For the ship, it was the most awful way imaginable to end a career that had been stellar at its start. If the description in the opening paragraph makes her sound like a breathtaking babe, blame the talented naval architect Leonard Peskett, who designed her for the Cunard steamship line with the sort of loving attention Pygmalion brought to sculpting Galatea. She was decked out for opulence, comfort, and speed, and the result was a luxurious miracle of elevators, electric lighting, climate control, palm trees, damask draperies, marble tiles, mahogany panels, elegant furniture, grandly appointed staterooms, ceilings formed with friezes, walls adorned by art, and spaces filled with artifacts that any museum in the world would have coveted. She had all the amenities of a small town, the industrial capacity of an enormous factory, and restaurants fine enough to compete in any cosmopolitan city. Her cabins were spacious in all classes, exceeding her nearest rivals’ square footage by giving every passenger nearly half again as much.
Lucy’s complex and varied interior was a seamless mixture of brute mechanical energy and soft loveliness. Similarly, her exterior melded grace, enormity, and power. She rode in the water like a swan, but she was meant to cover vast ocean distances like a sprinter, and that combination of beauty and purpose was so effortlessly attained that she could seem supernatural. The future novelist George Blake was a boy when he saw her passing down the Clyde. Lucy was not more than hours old and headed for the open sea. He couldn’t take his eyes off of her. He had never seen anything so wonderful, so perfect.
For all her beauty, Lusitania did not feature many design innovations. With her keel laid almost two years to the day prior to her launch, she had been altered and modified as circumstances required, but those changes were more on the order of variations in established forms. Her blueprints were drawn roughly at the same time as the other two members of Cunard’s grand trio, Mauretania and Aquitania, and none of these ships featured a radical break from customary naval designs. Yet their variations reached a pinnacle by achieving iconic elegance. The result would fasten in the 20th century mind the concept of how an ocean liner should look.

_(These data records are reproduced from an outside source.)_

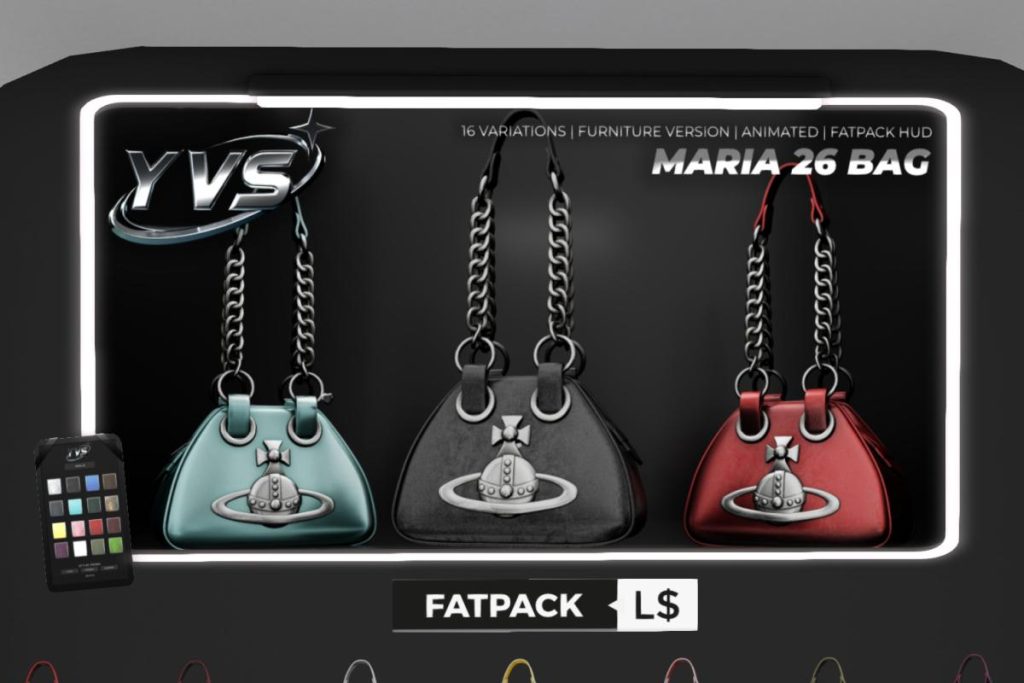 Maria 26 Bag, L$399 each/L$699 FP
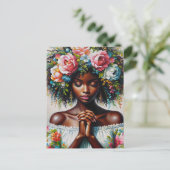 黒人女祈フローラカラフルアート ポストカード (スタンド正面)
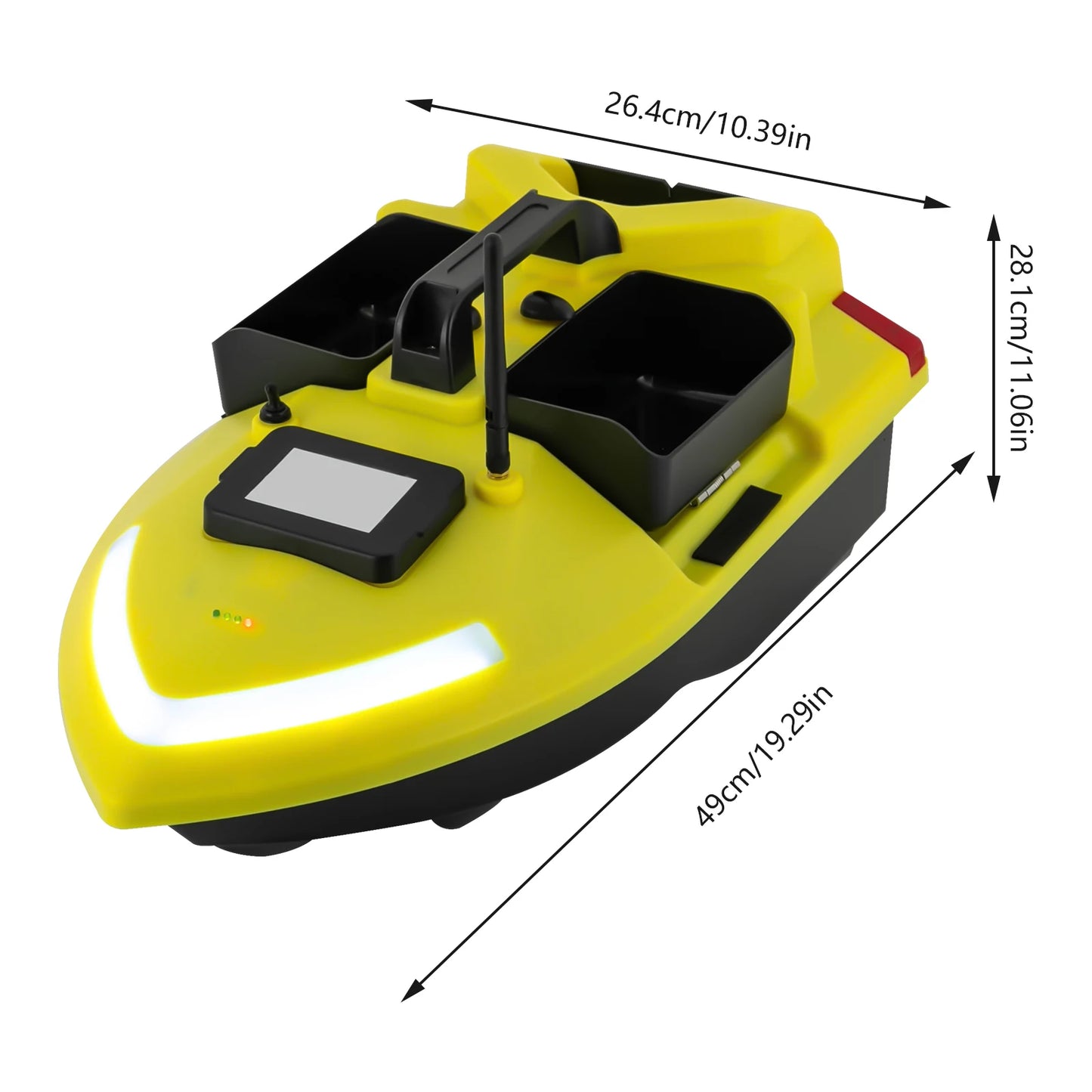 Rechargeable GPS Bait Boat 40 Positioning Points 500m Remote Control Fishing Bait Thrower Boat with 1 Battery and 1 Charger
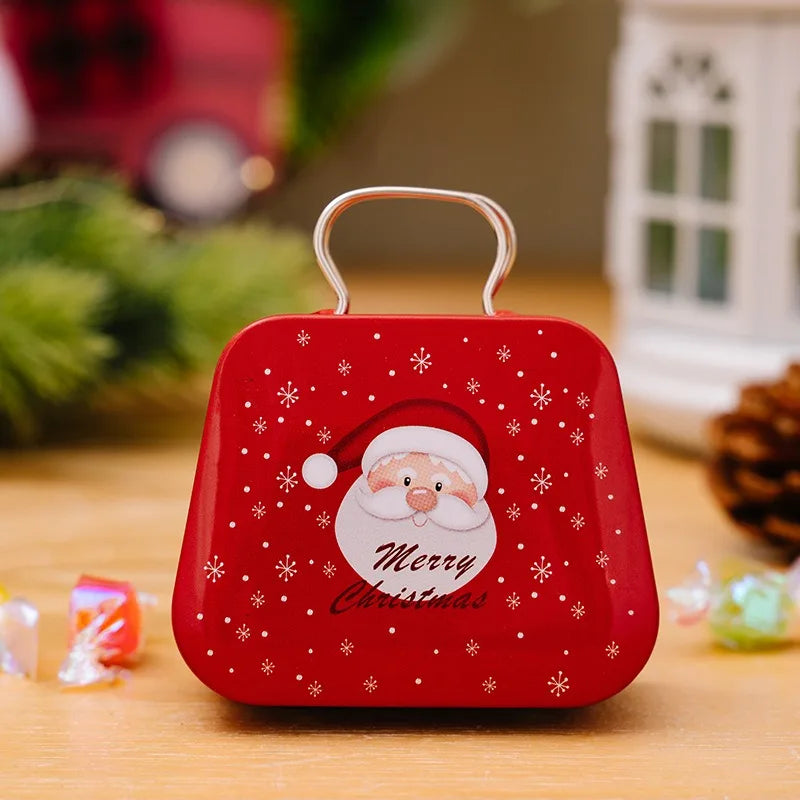 Christmas Tin Handbags Santa Claus Bags Kids Candy Box Kids Candy Bag Christmas Gift for Girls New Year Gift Christmas Theme Bags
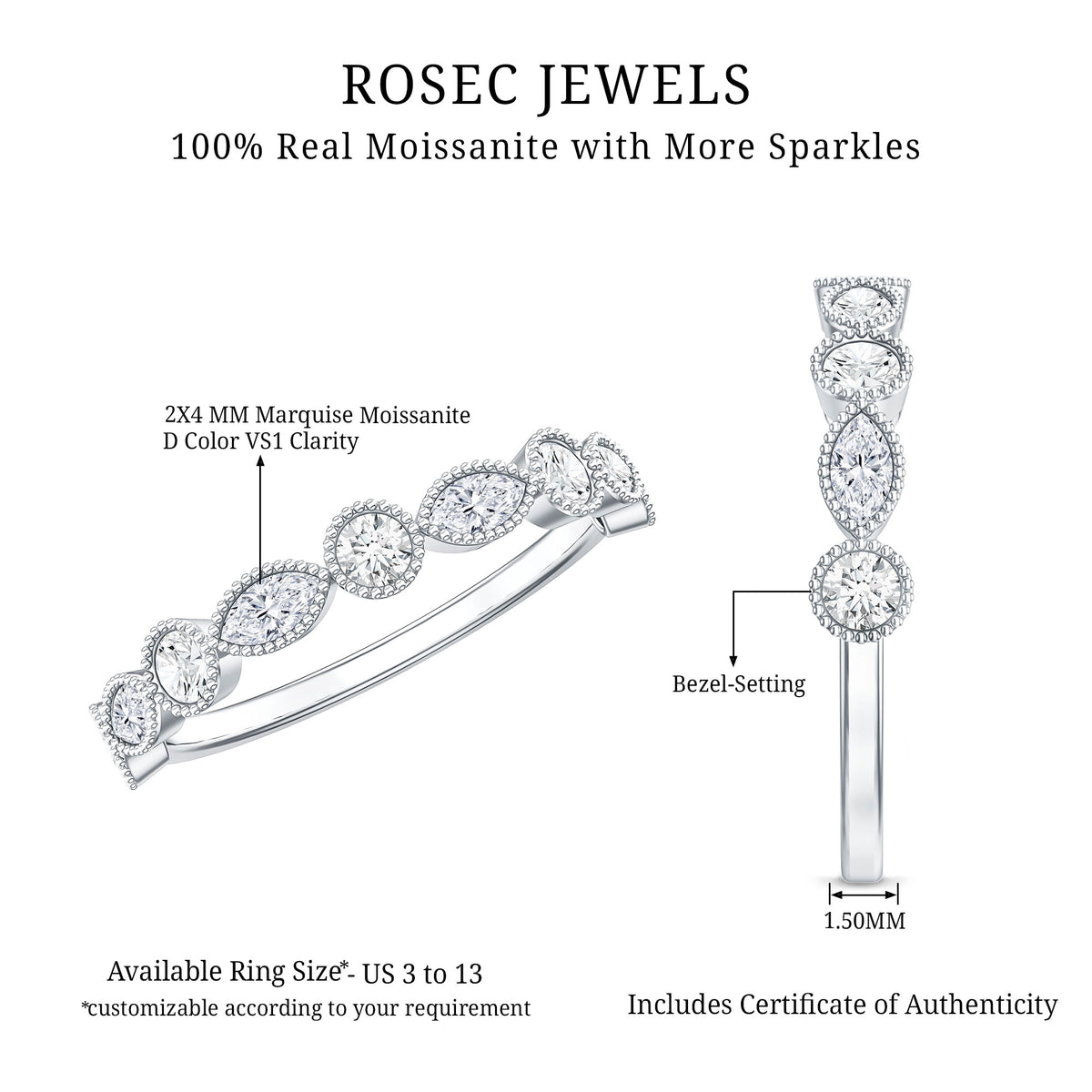 Certified Bezel Set Moissanite Eternity Band Ring D-VS1 - Rosec Jewels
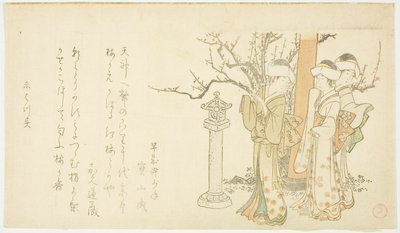 Three Girls at Temple Gate by Kubo Shunman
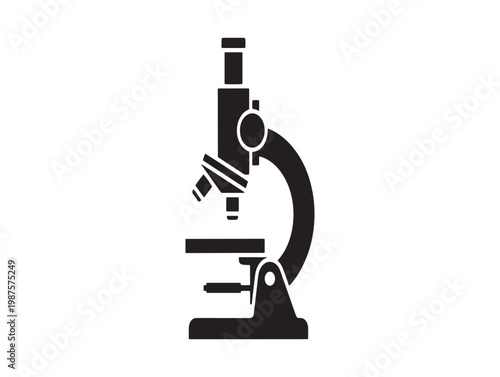 Simple black microscope icon a visual representation of scientific study and discovery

At the time, Lusitania was most famous for changing everybody’s expectations of how an ocean liner should behave. Her real departure from established forms was technological. She was the first completely electrical ship with incandescent light bulbs, a wireless telegraph, and air conditioning. As amazing as that gadgetry was, her truly striking features were cutting-edge applications of electricity for her steering mechanisms, for closing watertight bulkheads, and for fire detection. Most impressive, though, was how she harnessed and implemented steam power in radically new ways. She boasted 25 boilers generating steam to rotate 4 Parson’s turbines. Those massive devices had a total of 3 million individual blades and could sustain an average motive force of 70,000 horsepower. The turbines were directly connected to 4 triple-bladed props, perfectly trimmed and set in balance to have some rotate clockwise and others counter-clockwise and thereby achieve the most effective propulsion. Preparing this powerful lady for her maiden voyage from Liverpool became a spectacle in itself, for Lucy had a big appetite for coal. No fewer than 22 trains were required to freight the more than 6,500 tons of the stuff to fill her enormous bunkers. Her Scotch boilers powered her steam turbines, and afterwards high-volume pumps condensed the steam with cold seawater piped in at the rate of 65,000 gallons per minute.
All of this meant that she was quite fast. In fact, she was jaw-droppingly fast. At the time she was the fastest manmade thing on the ocean, able to glide along at 25 knots (almost 30 mph) without breaking a sweat and on occasion even push 29 knots when feeling frisky. Passengers on liners touted as “speedy” would see a shadow appear on the aft horizon and over the course of the day watch it take form as a ship. They would see it overtake and glide past their ship and then gradually vanish over the forward horizon. They would be awed, but the crew on the bridge would grumble that it was “only Lucy, showing off.”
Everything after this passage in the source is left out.